TASK BRIEF: Line by line, return everything in the listing exactly.

DATASET EXTRACT:
---*---
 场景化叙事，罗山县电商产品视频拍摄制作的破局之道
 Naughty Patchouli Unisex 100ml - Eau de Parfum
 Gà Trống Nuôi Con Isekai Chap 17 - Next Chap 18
---*---
REPLY TO THE TASK:
 场景化叙事，罗山县电商产品视频拍摄制作的破局之道
 Naughty Patchouli Unisex 100ml - Eau de Parfum
 Gà Trống Nuôi Con Isekai Chap 17 - Next Chap 18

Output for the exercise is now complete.